● **Assigned task**: Copy out all of the lines below exactly; the pictures do not belong in the copy.

● **Data block**:

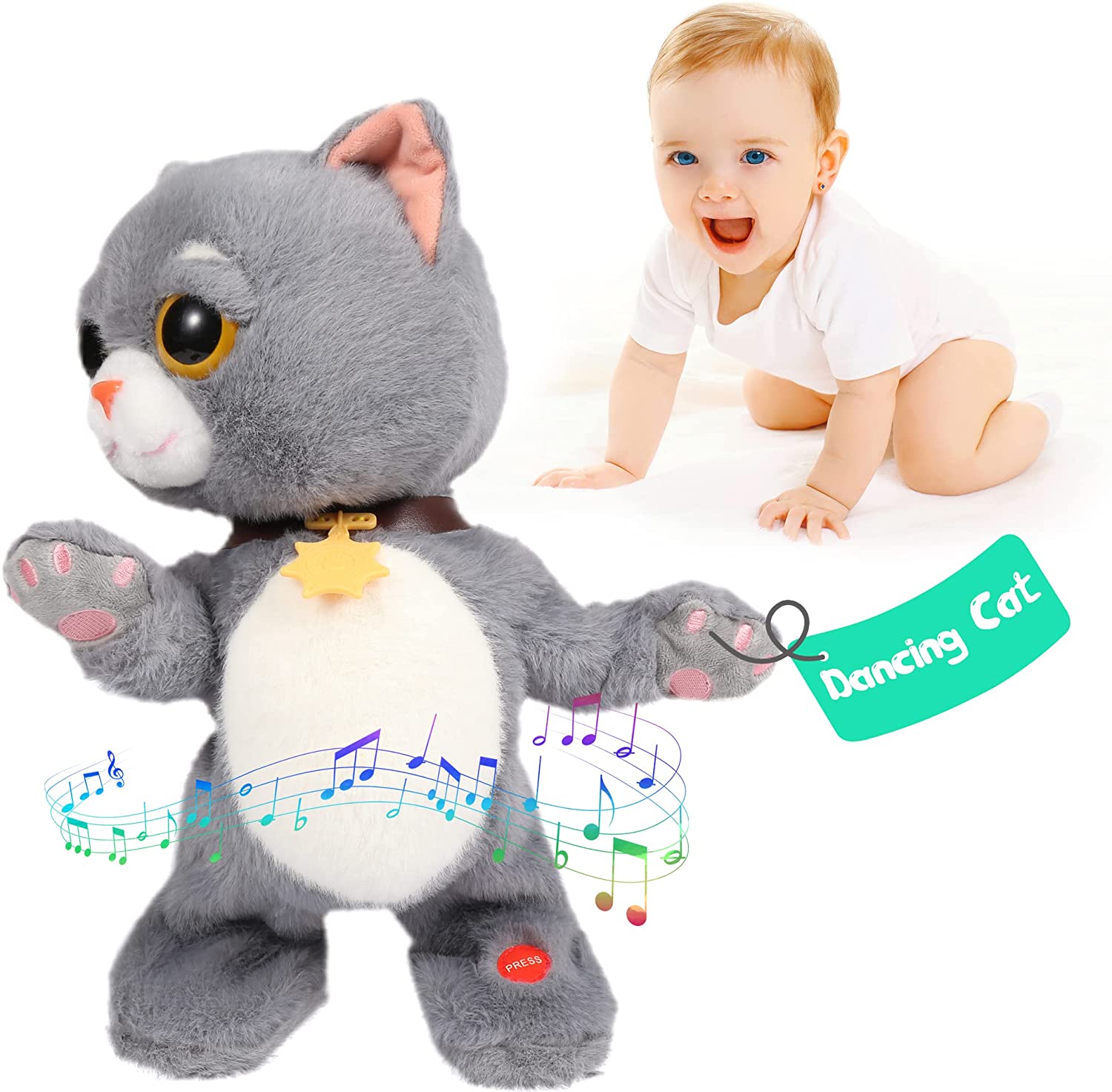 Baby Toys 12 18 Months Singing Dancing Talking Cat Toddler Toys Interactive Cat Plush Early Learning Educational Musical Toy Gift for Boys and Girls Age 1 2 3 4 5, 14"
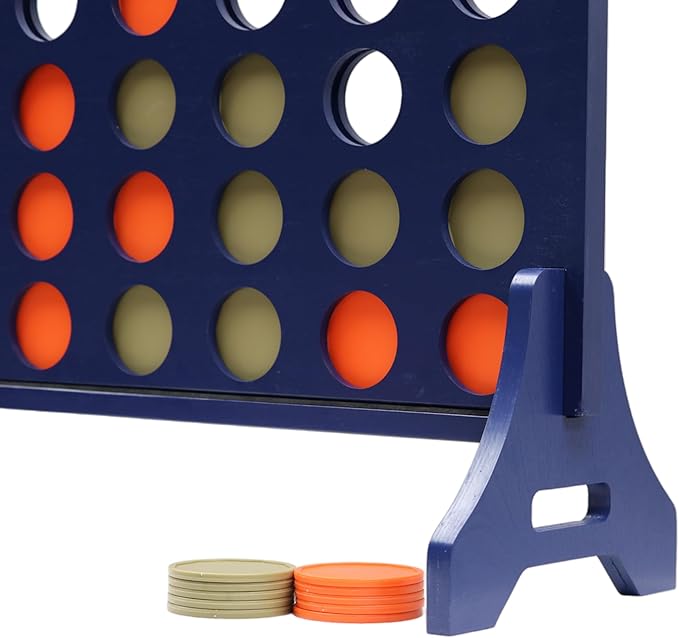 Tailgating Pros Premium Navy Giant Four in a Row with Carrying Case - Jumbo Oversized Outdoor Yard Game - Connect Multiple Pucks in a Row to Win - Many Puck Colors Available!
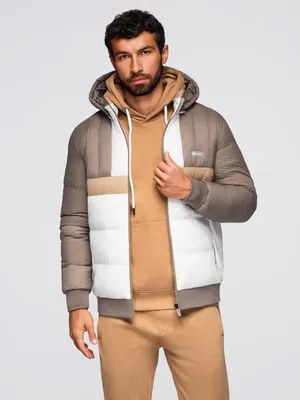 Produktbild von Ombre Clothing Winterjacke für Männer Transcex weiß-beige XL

● **Solution to this problem**:
 Baby Toys 12 18 Months Singing Dancing Talking Cat Toddler Toys Interactive Cat Plush Early Learning Educational Musical Toy Gift for Boys and Girls Age 1 2 3 4 5, 14"
 Tailgating Pros Premium Navy Giant Four in a Row with Carrying Case - Jumbo Oversized Outdoor Yard Game - Connect Multiple Pucks in a Row to Win - Many Puck Colors Available!
 Produktbild von Ombre Clothing Winterjacke für Männer Transcex weiß-beige XL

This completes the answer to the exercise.